• **What the exercise asks**:
Set the data down again, exactly as it appears below.

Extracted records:
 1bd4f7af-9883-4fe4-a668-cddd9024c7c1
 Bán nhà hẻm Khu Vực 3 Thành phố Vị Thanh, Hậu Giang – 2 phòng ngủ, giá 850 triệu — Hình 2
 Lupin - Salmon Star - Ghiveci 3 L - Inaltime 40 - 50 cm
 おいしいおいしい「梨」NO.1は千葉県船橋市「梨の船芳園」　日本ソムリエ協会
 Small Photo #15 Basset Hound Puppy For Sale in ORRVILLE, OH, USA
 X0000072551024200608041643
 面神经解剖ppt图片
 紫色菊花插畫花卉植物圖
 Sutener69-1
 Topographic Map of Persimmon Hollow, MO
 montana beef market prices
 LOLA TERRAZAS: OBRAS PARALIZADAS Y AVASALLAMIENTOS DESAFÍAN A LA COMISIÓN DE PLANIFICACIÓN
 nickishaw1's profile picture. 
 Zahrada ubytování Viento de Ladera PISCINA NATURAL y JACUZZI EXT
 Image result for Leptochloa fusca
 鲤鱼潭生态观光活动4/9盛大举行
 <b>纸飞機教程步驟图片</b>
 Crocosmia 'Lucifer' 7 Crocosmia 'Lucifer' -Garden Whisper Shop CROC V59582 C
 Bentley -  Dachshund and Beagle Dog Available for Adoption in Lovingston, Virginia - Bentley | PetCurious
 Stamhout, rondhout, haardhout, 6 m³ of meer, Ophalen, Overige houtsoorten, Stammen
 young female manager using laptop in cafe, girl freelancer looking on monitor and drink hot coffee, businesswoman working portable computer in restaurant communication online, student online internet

• **Solved exercise**:
 1bd4f7af-9883-4fe4-a668-cddd9024c7c1
 Bán nhà hẻm Khu Vực 3 Thành phố Vị Thanh, Hậu Giang – 2 phòng ngủ, giá 850 triệu — Hình 2
 Lupin - Salmon Star - Ghiveci 3 L - Inaltime 40 - 50 cm
 おいしいおいしい「梨」NO.1は千葉県船橋市「梨の船芳園」　日本ソムリエ協会
 Small Photo #15 Basset Hound Puppy For Sale in ORRVILLE, OH, USA
 X0000072551024200608041643
 面神经解剖ppt图片
 紫色菊花插畫花卉植物圖
 Sutener69-1
 Topographic Map of Persimmon Hollow, MO
 montana beef market prices
 LOLA TERRAZAS: OBRAS PARALIZADAS Y AVASALLAMIENTOS DESAFÍAN A LA COMISIÓN DE PLANIFICACIÓN
 nickishaw1's profile picture. 
 Zahrada ubytování Viento de Ladera PISCINA NATURAL y JACUZZI EXT
 Image result for Leptochloa fusca
 鲤鱼潭生态观光活动4/9盛大举行
 <b>纸飞機教程步驟图片</b>
 Crocosmia 'Lucifer' 7 Crocosmia 'Lucifer' -Garden Whisper Shop CROC V59582 C
 Bentley -  Dachshund and Beagle Dog Available for Adoption in Lovingston, Virginia - Bentley | PetCurious
 Stamhout, rondhout, haardhout, 6 m³ of meer, Ophalen, Overige houtsoorten, Stammen
 young female manager using laptop in cafe, girl freelancer looking on monitor and drink hot coffee, businesswoman working portable computer in restaurant communication online, student online internet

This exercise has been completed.